What to do.
Without pictures, output exactly the lines running from the line containing "structure graphite" to the end of the listing below.

Data below.
# # #

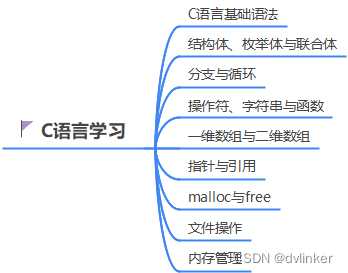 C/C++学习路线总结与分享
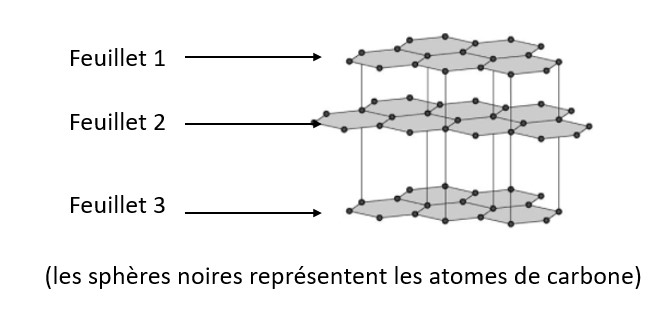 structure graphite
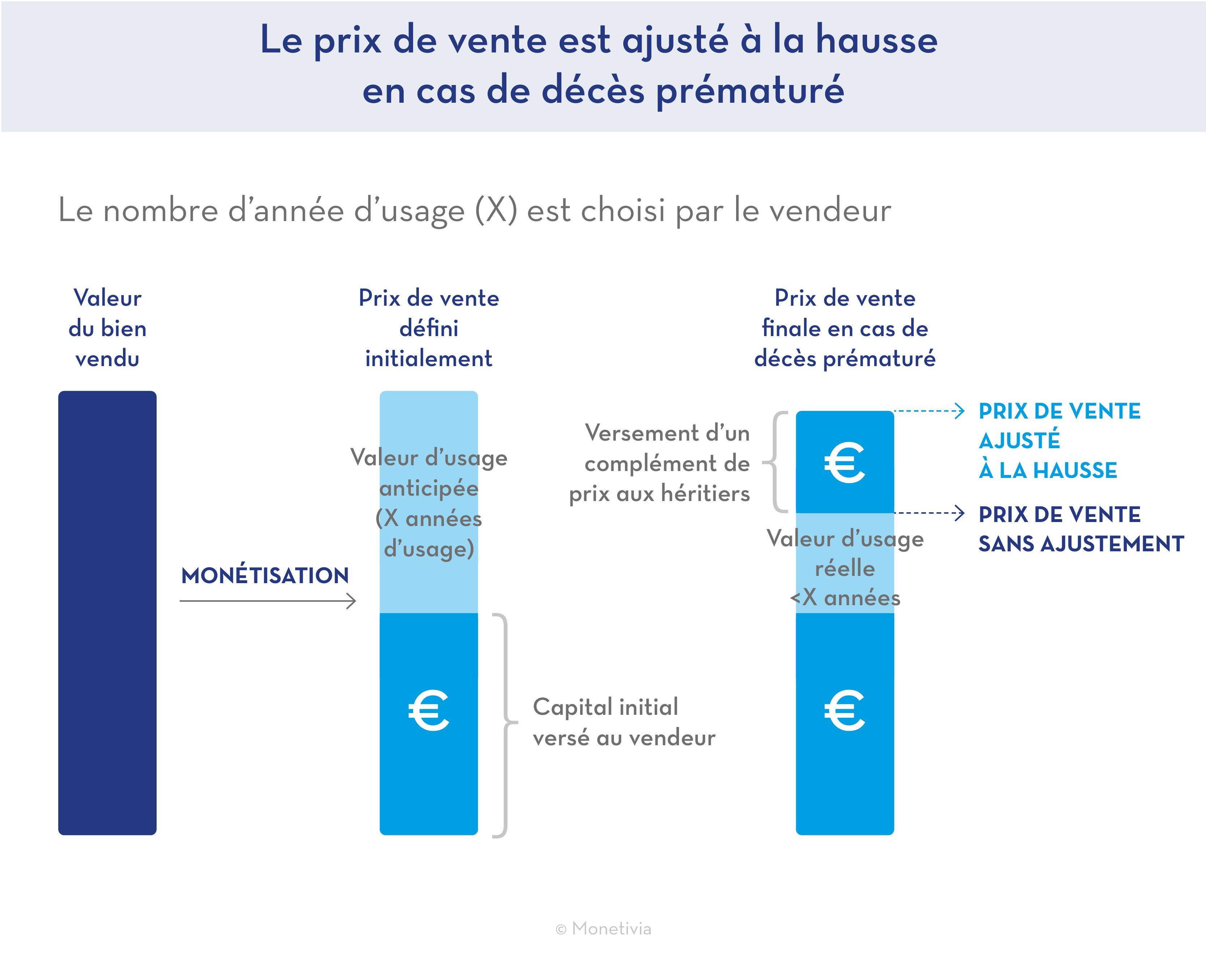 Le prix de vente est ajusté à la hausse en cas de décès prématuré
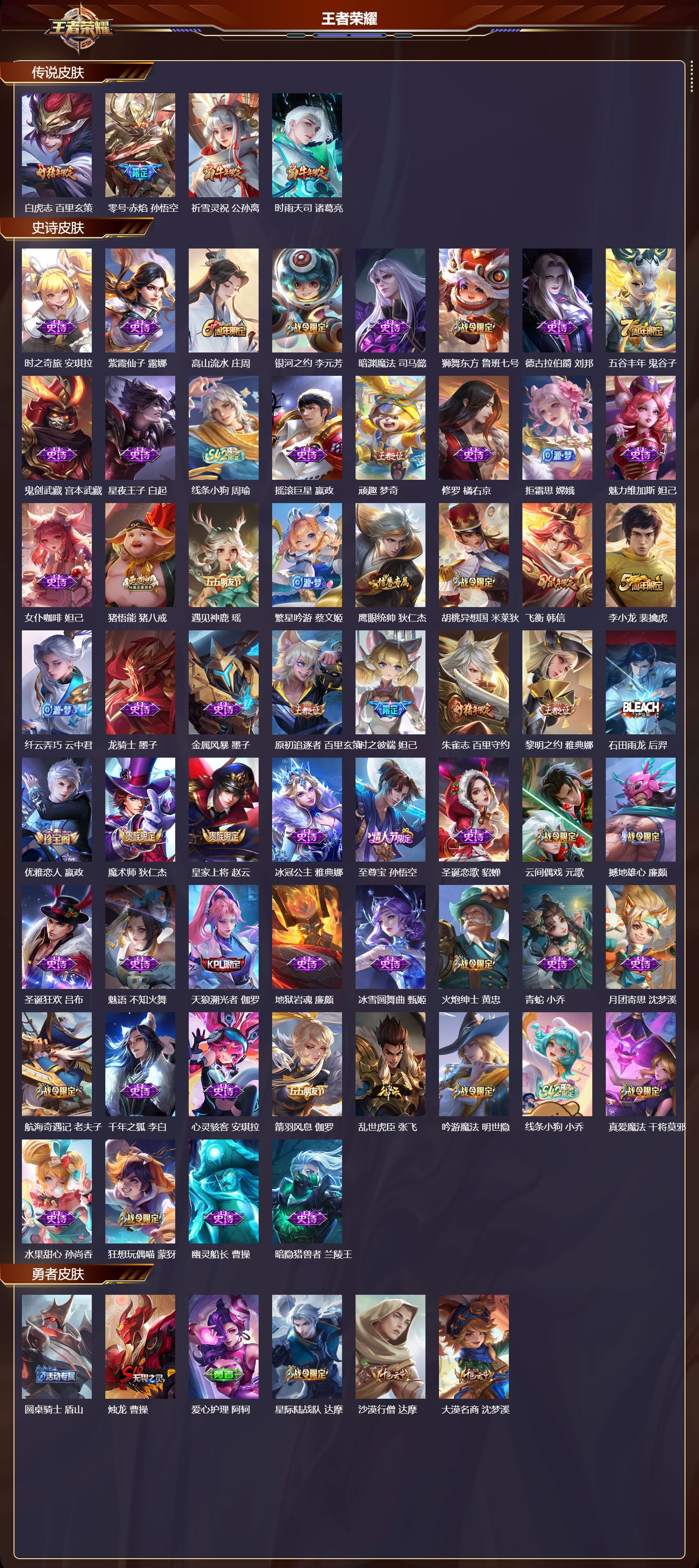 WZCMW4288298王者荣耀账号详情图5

# # #

Written solution.
 structure graphite
 Le prix de vente est ajusté à la hausse en cas de décès prématuré
 WZCMW4288298王者荣耀账号详情图5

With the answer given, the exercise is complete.